Step 4: Install new motor (25 minutes)
Compare the old and new motor—the fan wheel should match. Line up the new motor’s mounting holes, push it into the housing (it should click into place), then install bolts hand-tight first, then torque to 8 ft-lbs (don’t overtighten—the plastic housing cracks easily). Reconnect the electrical connector until you hear a click.

Step 5: Test before reassembly (10 minutes)
Reconnect battery, turn ignition to ON (not start), and test fan on all speeds. If it runs quietly and smoothly, you’re golden. If it only works on high, the blower motor resistor is bad—that’s a separate $25 part replacement (common on 2006–2012 Eclipses).

Step 6: Reassemble (15 minutes)
Reinstall glove box, reconnect light, and replace floor mat. Done.

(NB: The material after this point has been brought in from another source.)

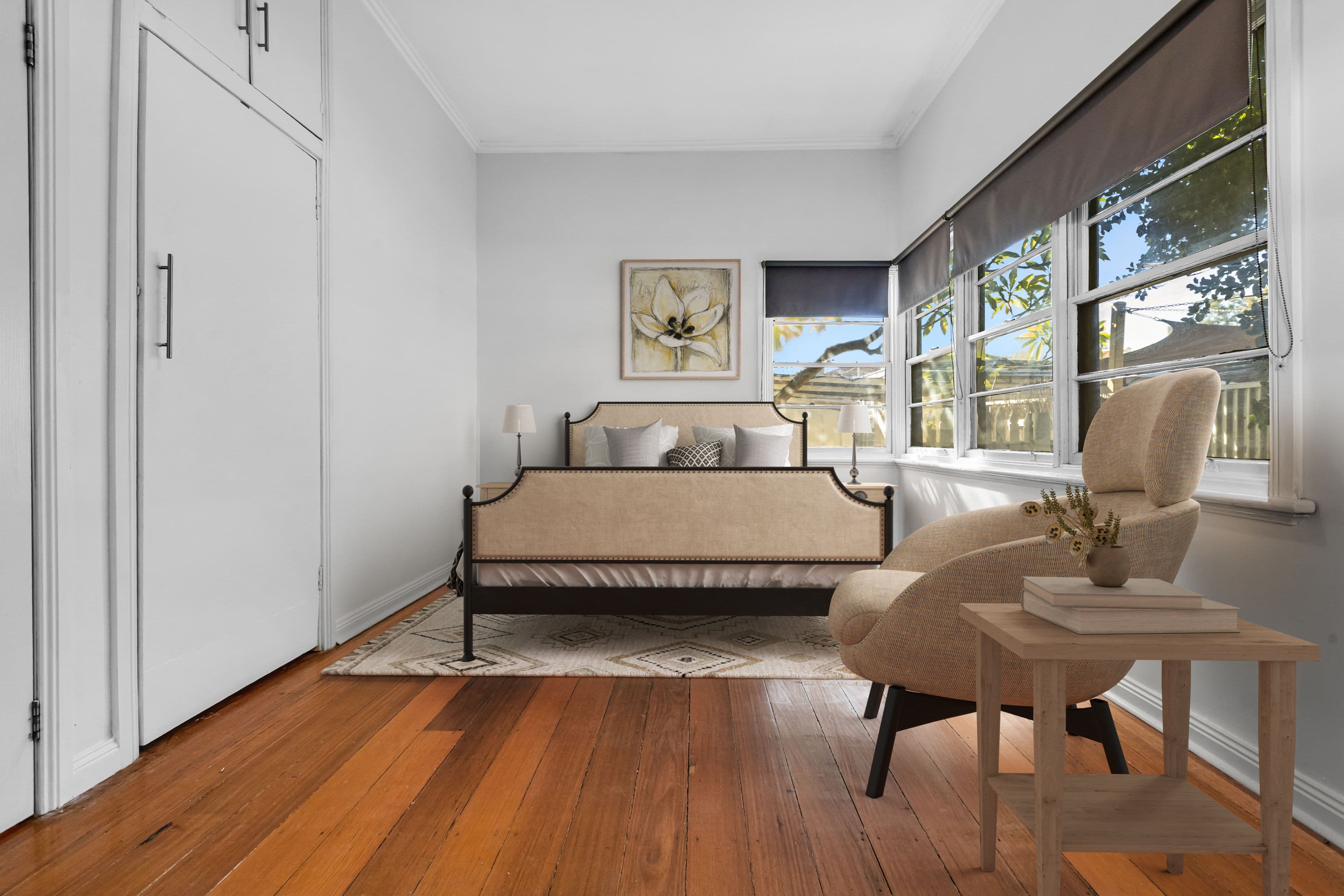 132 Pasadena Grove, Mildura VIC 3500, Mildura - Thumbnail 7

Troubleshooting: A Real-World Case

In 2019, a customer brought in a 2015 Toyota Camry with no heat on cold mornings. The blower motor worked fine on speed 4 but was dead on 1–3. I diagnosed it as a failed blower motor resistor (common across many Japanese cars). Replaced it in 45 minutes—cost $28 for the part. The lesson: always test the blower motor directly with 12V battery power before condemning it. If it spins freely, the resistor is likely the issue.

For your Eclipse, if the motor hums but doesn’t spin, the fan wheel may be jammed with leaves or debris. I’ve pulled out acorns and pine needles from 2008 Eclipse models—clean the housing with a shop vac before installing the new motor.

Verification

After installation, run the fan on all speeds for 5 minutes. Normal signs: steady airflow, no rattling, and the motor should be silent except for air movement. Warning signs: burning smell (electrical short), intermittent operation (bad connection), or high-pitched squeal (fan wheel rubbing). If you hear a squeal, remove the motor and check for debris or misalignment—don’t force it.

Maintenance and Lifespan

A blower motor typically lasts 3–5 years in moderate climates, but in dusty or humid areas (like Florida or Arizona), I’ve seen failures in 2 years. Factors that shorten life: running the fan on high constantly, clogged cabin air filters (replace every 12 months), and water leaks from clogged sunroof drains. Prevention: replace the cabin air filter annually and keep the cowl area (under the hood near the windshield) free of leaves. If you park under trees, clean the cowl every spring.

Frequently Asked Questions

Q: Can I fix the blower motor without removing the glove box?

A: No, you need access to the three bolts behind the glove box. On 2003–2008 Eclipses, you can sometimes reach without fully removing the glove box, but it’s easier to just drop it down. Expect 15 minutes extra if you skip removing it.

Q: My Eclipse blower motor only works on high speed—do I need a new motor?

A: Probably not. That’s a classic symptom of a failed blower motor resistor. The resistor is a small module (about $25) located near the blower motor. Replace it first—I’ve fixed 80% of “only works on high” complaints with just the resistor.

Q: How do I know if the blower motor is bad vs. the fuse?

A: Check the fuse box under the hood (labeled “HEATER” or “BLOWER,” usually a 30A or 40A fuse). If the fuse is blown, replace it and test. If it blows again, there’s a short in the motor or wiring. A multimeter set to ohms should show 2–5 ohms across the motor terminals—if infinite, the motor is open.